▶ _Aim of the task_
Type out the lines below exactly, pictures excluded.

[Dataset items]
<<<<

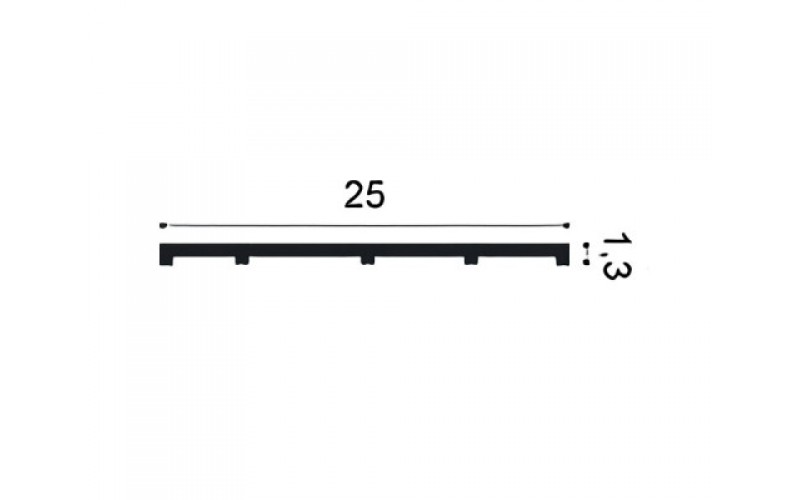 Плинтус Orac SX207F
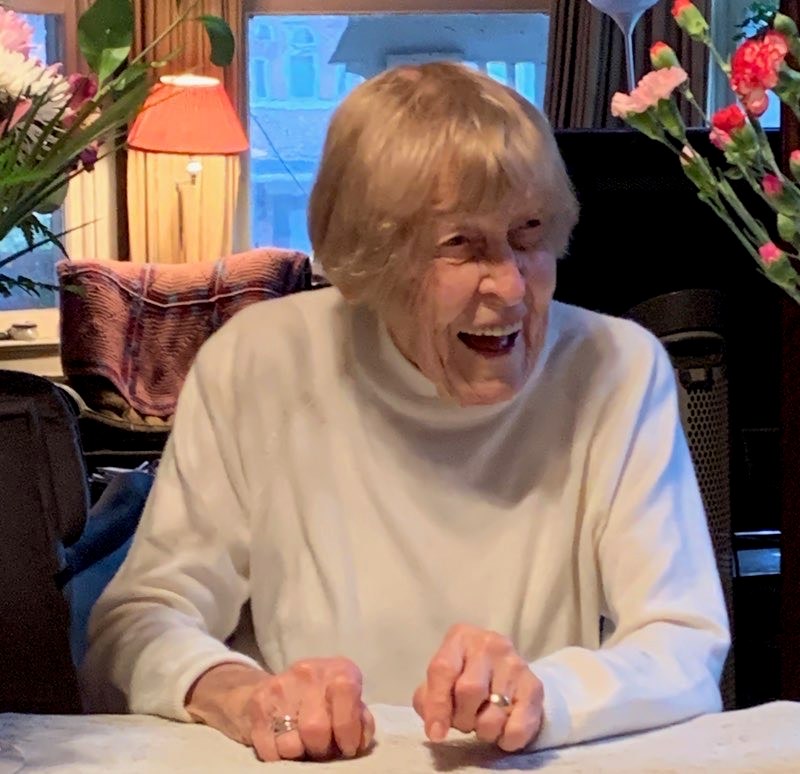 Obituary of Marjorie Ruth Parkinson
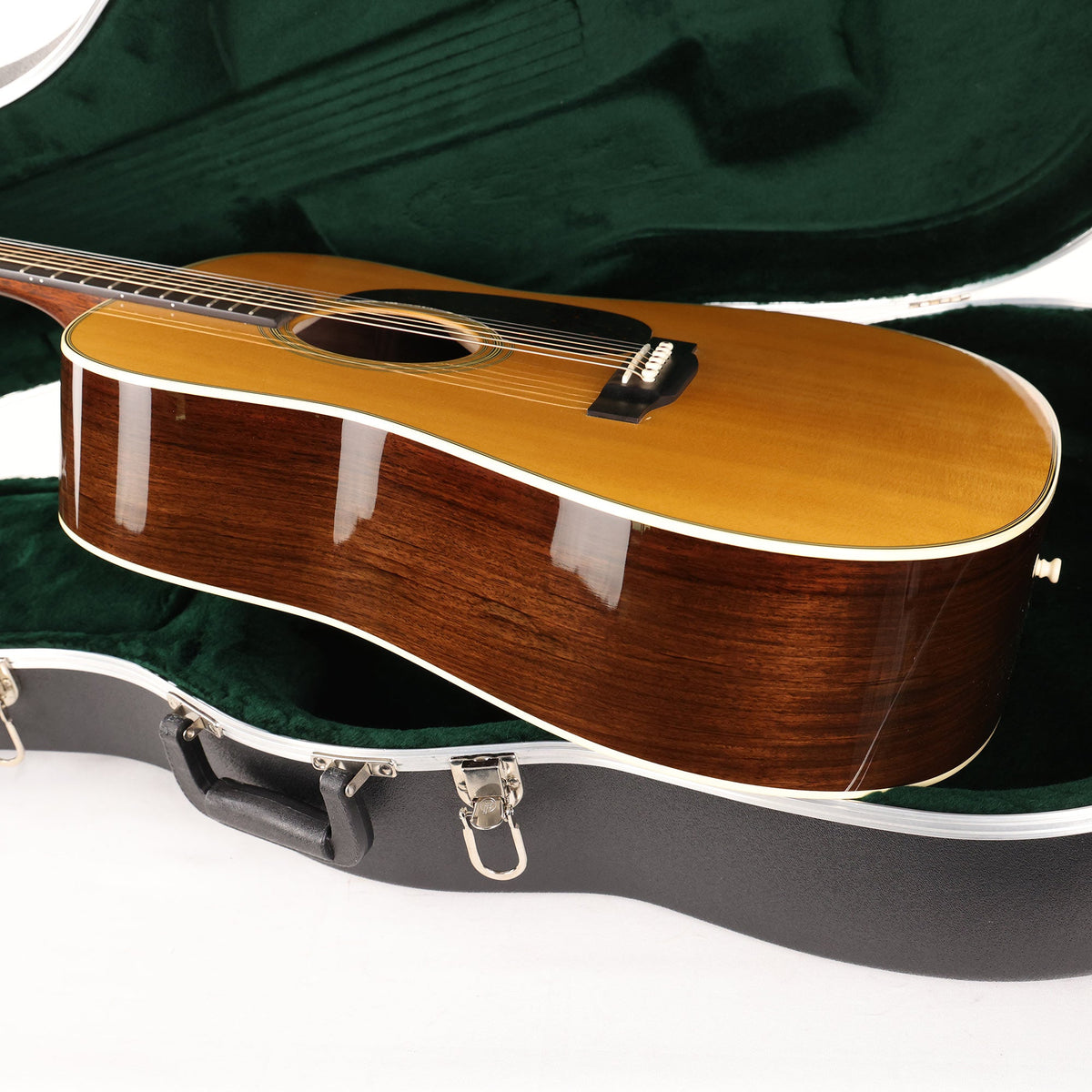 Martin D-28 Dreadnought Acoustic Natural 2021 — 6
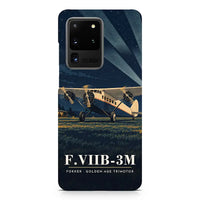 Thumbnail for Fokker F.VIIb-3m - 3D + Title - Samsung Case - Black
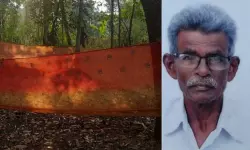 കൊല്ലത്ത് ഗൃഹനാഥന് സ്വയം ചിതയൊരുക്കി തീക്കൊളുത്തി മരിച്ചു കൊല്ലത്ത് ഗൃഹനാഥന് സ്വയം ചിതയൊരുക്കി തീക്കൊളുത്തി മരിച്ചു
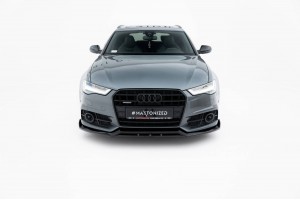 Front Splitter V.3 Audi A6 / A6 C7 S-line/ S6 C7 Facelift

>>>>

▶ _Response below_
 Плинтус Orac SX207F
 Obituary of Marjorie Ruth Parkinson
 Martin D-28 Dreadnought Acoustic Natural 2021 — 6
 Thumbnail for Fokker F.VIIb-3m - 3D + Title - Samsung Case - Black
 കൊല്ലത്ത് ഗൃഹനാഥന് സ്വയം ചിതയൊരുക്കി തീക്കൊളുത്തി മരിച്ചു കൊല്ലത്ത് ഗൃഹനാഥന് സ്വയം ചിതയൊരുക്കി തീക്കൊളുത്തി മരിച്ചു
 Front Splitter V.3 Audi A6 / A6 C7 S-line/ S6 C7 Facelift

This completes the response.